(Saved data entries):
★ ★ ★ ★

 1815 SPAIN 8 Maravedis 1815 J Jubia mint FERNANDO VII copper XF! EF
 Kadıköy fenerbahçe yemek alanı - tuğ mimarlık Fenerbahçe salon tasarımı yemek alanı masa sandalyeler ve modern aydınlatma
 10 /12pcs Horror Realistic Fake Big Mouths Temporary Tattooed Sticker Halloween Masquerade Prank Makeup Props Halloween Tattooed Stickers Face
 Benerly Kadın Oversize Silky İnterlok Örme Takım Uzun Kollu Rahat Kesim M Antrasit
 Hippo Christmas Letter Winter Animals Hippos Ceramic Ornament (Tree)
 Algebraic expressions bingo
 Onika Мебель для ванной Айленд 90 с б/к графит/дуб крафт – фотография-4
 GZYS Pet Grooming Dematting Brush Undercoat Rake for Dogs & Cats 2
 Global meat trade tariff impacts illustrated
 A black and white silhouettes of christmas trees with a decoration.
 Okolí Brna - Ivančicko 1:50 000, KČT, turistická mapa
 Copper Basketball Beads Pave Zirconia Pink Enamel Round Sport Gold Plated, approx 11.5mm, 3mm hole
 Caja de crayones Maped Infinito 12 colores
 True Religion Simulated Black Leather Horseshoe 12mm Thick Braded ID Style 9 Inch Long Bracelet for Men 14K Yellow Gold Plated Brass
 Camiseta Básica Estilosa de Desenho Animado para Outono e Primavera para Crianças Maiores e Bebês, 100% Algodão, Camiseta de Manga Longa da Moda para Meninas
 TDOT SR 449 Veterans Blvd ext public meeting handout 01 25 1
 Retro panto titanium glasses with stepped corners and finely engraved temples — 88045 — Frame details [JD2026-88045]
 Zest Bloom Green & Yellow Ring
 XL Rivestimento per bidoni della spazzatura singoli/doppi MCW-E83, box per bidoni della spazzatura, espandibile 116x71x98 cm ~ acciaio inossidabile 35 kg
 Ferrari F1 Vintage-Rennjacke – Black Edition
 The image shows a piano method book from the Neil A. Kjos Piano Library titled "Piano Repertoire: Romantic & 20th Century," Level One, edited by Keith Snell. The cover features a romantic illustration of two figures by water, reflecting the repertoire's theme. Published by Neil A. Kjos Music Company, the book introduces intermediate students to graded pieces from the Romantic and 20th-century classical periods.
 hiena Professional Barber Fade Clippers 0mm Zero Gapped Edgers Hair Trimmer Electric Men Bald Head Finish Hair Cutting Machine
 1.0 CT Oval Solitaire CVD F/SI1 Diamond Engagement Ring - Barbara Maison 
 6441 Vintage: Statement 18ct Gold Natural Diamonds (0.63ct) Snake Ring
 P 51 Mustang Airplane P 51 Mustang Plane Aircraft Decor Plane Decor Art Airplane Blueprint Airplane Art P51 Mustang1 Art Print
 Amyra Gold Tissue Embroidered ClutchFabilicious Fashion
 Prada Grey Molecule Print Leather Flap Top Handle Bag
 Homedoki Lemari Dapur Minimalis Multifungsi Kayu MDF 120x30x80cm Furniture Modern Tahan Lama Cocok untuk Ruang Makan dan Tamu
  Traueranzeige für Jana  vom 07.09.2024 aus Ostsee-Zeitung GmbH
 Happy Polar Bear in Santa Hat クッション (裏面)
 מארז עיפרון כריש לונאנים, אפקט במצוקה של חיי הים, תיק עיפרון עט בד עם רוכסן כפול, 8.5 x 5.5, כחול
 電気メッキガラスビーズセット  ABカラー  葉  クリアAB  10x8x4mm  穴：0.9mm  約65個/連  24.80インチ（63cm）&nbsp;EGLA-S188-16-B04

★ ★ ★ ★

(YOUR TASK):
Your response should be the lines of the entries above that include the string "Vintage".

(WRITTEN SOLUTION):
 Ferrari F1 Vintage-Rennjacke – Black Edition
 6441 Vintage: Statement 18ct Gold Natural Diamonds (0.63ct) Snake Ring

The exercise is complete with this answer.